Comments on economics, mystery fiction, drama, and art.

Wednesday, September 28, 2005

Why the Wild Card Can Be a Bad Idea

It was bound to happen sooner or later, and it has happened this year. The way the wild card works in Major League Baseball gives the St. Louis Cardinals an incentive, right now, to lose a couple of games.

Why? Because who the wild card team is in the National League playoffs will determine who the Cardinals play in the first round. And because the Cardinals are playing one of the teams remaining in the wild card competition--the Houston Astros. If Houston wins the wild card, St. Louis will begin the playoffs against San Diego, a team that might not have a winning record. And if St. Louis loses its Wednesday night game to Houston, then the Astros will need to win only 2 (at most) of their final four games against the Cubs to clinch the wild card. (St. Louis lost to Houston Tuesday night.)

If Houston does not win the wild card, then Philadelphia probably will, and St. Louis will start against the Phillies. The Phillies are a better team than is San Diego. They have a better record right now (84 - 74, compared with 78 - 79). They've scored 770 runs, compared with SD's 667. The two teams have virtually the same ERAs--4.23 for the Phillies, 4.24 for the Padres.

Who would you rather face, if you were the Cardinals?? So why would you try--really try--to beat the Astros?

And this will happen again. And again. And again. That much is certain. And some day, a team will not try to win.

Wednesday, September 07, 2005

Race and the relief effort

I don't have anything to add to this, by Jacob Weisberg, posted on Slate:

"Had the residents of New Orleans been white Republicans in a state that mattered politically, instead of poor blacks in city that didn't, Bush's response surely would have been different. Compare what happened when hurricanes Charley and Frances hit Florida in 2004. Though the damage from those storms was negligible in relation to Katrina's, the reaction from the White House was instinctive, rapid, and generous to the point of profligacy. Bush visited hurricane victims four times in six weeks and delivered relief checks personally. Michael Brown of FEMA, now widely regarded as an incompetent political hack, was so responsive that local officials praised the agency's performance.

"The kind of constituency politics that results in a big life-preserver for whites in Florida and a tiny one for blacks in Louisiana may not be racist by design or intent. But the inevitable result is clear racial discrimination."

Tuesday, September 06, 2005

9/11 and Katrina

A local newspaper reporter just called asking for comments on the economic consequences of 9/11, 4 years later, then on the economic consequences of hurricane Katrina.

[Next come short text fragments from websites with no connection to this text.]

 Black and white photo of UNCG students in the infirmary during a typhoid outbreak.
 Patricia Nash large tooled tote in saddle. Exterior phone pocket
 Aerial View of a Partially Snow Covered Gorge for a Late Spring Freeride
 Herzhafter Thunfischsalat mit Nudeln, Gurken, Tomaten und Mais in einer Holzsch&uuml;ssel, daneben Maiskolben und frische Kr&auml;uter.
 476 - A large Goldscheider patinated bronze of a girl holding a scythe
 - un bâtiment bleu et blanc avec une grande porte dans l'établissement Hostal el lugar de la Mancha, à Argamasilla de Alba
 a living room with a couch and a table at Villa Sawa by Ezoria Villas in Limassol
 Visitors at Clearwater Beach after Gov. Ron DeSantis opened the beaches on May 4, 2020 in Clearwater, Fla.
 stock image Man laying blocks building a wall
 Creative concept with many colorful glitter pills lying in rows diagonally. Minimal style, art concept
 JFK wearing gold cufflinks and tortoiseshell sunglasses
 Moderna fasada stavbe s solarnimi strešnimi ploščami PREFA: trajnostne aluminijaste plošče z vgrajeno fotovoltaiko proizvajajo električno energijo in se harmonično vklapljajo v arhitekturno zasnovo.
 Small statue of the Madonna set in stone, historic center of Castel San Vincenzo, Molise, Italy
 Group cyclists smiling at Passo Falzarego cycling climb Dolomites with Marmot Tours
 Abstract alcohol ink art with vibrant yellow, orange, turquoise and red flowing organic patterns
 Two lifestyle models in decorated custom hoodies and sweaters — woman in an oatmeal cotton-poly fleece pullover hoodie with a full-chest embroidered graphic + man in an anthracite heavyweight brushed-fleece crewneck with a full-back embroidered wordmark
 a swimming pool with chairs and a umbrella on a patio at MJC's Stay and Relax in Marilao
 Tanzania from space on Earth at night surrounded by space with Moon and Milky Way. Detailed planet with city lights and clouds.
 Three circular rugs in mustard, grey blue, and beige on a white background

I suspect my comments would be pretty mainstream...9/11 had a limited short-term impact...the impact, even short-term on the financial sector, was small, because of those firms already had, and were able to use, facilities in existence for emergencies. The long-term impace has been, I think, essentially zero. Given the macroeconomic policies of the federal government and of the Federal Reserve, we're about where we would have been had the terrorist attacks never happened.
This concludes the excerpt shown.